News & Reviews


Might Kindred

Review in Waxwing:

“As a daughter of immigrants, and a Jewish, queer poet, Gomery weaves the past, present, and future throughout five sections in the book, where we are presented with time and place in non-linear sequence. In holding out against chronology, Gomery captures the body, and the mind, in different places at once — and the reader is right there with her in mountains, rivers, seas, in urban neighborhoods, night clubs, and synagogues…”

The Settler Sea

Review in The California Review of Books:

“The Salton Sea and the land and mountains that border it defy easy representation. Photographs can’t capture the immensity or reconcile the plant and bird life that exist alongside the settler detritus that litters the shoreline or is revealed as the water evaporates. It’s a vivid example of the difference between exploitation and stewardship; of taking what’s needed while leaving something for the future, as the Native peoples did, and taking everything as white settlers believed was their right. The Settler Sea is a cautionary tale about the consequences of unbridled capitalism, militarism, dryland irrigation, and white supremacy.”

The Settler Sea also recently won the 2022 Caughey Western History Prize for the most distinguished book on the American West.

Why Nation-Building Matters

Review in National Defense University Press:

“The recent fall of Kabul is a stark reminder that policymakers need to understand much more about the problems of nation-building.

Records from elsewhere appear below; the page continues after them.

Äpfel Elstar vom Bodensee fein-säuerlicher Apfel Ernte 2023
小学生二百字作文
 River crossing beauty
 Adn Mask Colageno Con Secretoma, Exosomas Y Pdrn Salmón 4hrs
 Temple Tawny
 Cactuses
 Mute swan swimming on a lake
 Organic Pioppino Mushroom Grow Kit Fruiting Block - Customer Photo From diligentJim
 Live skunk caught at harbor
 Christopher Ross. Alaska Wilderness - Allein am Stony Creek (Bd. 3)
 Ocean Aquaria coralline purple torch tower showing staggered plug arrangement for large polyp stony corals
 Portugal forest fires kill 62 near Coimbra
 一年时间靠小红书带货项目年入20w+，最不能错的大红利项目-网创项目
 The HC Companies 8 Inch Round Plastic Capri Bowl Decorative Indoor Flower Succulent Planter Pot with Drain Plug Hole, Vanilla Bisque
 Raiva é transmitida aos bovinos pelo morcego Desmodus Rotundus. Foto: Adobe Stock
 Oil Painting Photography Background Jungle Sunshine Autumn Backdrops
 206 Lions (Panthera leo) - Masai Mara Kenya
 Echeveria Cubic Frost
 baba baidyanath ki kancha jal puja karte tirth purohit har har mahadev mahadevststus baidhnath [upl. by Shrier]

Some may try to swear off any further involvement with nation-building, but these problems cannot be ignored when failures of law and governance in weak states underlie a pressing migrant crisis on America’s own borders. As the Special Inspector General for Afghanistan Reconstruction has noted, America’s refusal to prepare for future stabilization missions after the collapse of South Vietnam did not prevent the wars in Afghanistan and Iraq but instead ensured that they would become quagmires. To begin thinking more carefully about these vital problems, a good place to start is with Keith Mines’s book Why Nation-Building Matters.”

Country of the Cursed and the Driven

Review in H-Net Reviews:

“Paul Barba’s Country of the Cursed and Driven: Slavery and the Texas Borderlands demonstrates that we have much more to learn about forms of unfreedom. Barba’s work is unique in at least three ways. First, his focus on a specific region—modern Texas and the far Mexican Northeast—grounds his monograph geographically in a way that some of the more sprawling histories of borderlands captivity do not. Second, Barba blurs the distinction between chattel and kin-based slaveries. Many histories of Native American enslavement throw the differences between adoptive kinship and chattel slavery into sharp relief and define one system against the other. Barba sees no such clear distinction between the two. Finally, Barba foregrounds the long arc of enslavement and captivity in the Texas borderlands in a racism specifically directed against Black people dating back to at least the seventeenth century. Borderlands historians and scholars of enslavement will want to consult Barba’s new and important work—although (as we will see below) a couple of his conclusions could use a bit more development.”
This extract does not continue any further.